DEV Community

loading...

Need help dockerizing Spark

kambala yashwanth
I ❤️ JavaScript > any other ☕ logo languages
・1 min read

Need Help

I have been working on docker,where I have to run the spark application.
I tried using docker repository spark images but ran into issues, so I tried doing my own.

It worked out but every run its downloading spark and i am losing previously ran job logs.

My requirments

  1. Is it possible to have seperate spark image and supply app.jar to it.

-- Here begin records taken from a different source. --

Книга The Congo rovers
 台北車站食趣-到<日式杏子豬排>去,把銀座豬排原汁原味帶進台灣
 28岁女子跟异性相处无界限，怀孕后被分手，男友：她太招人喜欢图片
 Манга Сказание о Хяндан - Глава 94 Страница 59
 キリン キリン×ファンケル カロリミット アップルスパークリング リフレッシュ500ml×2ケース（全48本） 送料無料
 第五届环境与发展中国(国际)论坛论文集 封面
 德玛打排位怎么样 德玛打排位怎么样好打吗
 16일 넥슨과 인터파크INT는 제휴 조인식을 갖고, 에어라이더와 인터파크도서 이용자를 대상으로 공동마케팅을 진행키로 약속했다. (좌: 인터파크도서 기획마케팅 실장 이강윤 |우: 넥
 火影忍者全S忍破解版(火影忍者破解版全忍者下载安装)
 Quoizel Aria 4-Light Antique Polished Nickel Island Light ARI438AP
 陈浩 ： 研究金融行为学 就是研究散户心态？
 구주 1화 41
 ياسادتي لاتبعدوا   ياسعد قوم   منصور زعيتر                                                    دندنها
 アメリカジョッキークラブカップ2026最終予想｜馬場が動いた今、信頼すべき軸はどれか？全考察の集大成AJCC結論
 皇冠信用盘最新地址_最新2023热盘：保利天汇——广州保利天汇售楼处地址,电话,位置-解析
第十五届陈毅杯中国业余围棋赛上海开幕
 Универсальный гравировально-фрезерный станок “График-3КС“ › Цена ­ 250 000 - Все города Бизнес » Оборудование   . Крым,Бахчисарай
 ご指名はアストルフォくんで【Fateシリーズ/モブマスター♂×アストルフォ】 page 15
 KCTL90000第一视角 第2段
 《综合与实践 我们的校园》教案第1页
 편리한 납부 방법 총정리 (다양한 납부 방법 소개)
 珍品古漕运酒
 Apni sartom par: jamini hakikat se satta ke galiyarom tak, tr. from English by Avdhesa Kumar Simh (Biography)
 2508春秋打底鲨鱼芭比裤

  2. Instead of writing logs in docker can I direct it to host file system.

Docker file

FROM alpine

ENV SPARK_VERSION=2.2.0
ENV HADOOP_VERSION=2.7

RUN apk add tar
RUN apk add aria2
RUN mkdir spark
RUN cd spark
WORKDIR /spark



#copy app.properties to docker
COPY app.properties .

# copy /home/exa9/SparkSubmit/App/target/App-0.0.1-SNAPSHOT.jar

ADD target/App-0.0.1-SNAPSHOT.jar app.jar


#Downloading Apache Spark and extracting

RUN aria2c -x16 http://archive.apache.org/dist/spark/spark-2.2.0/spark-2.2.0-bin-hadoop2.7.tgz

RUN apk add --no-cache curl bash openjdk8-jre \

      && tar -xvzf spark-${SPARK_VERSION}-bin-hadoop${HADOOP_VERSION}.tgz





WORKDIR /spark/spark-2.2.0-bin-hadoop2.7/bin
CMD ./spark-submit --class com.Spark.Test.SparkApp.App --master local[*]  /spark/app.jar /spark/app.properties






Discussion (1)

Collapse
shawonashraf profile image
Shawon Ashraf • Edited

You can mount a directory as a volume to your container and store the logs there. That way your logs will remain free from side effects. As for the spark re-download issue, you've to find another way to include the spark binary. Since you're writing a Java application, using Maven or Gradle would've made that a lot easier and would've been just a build script away!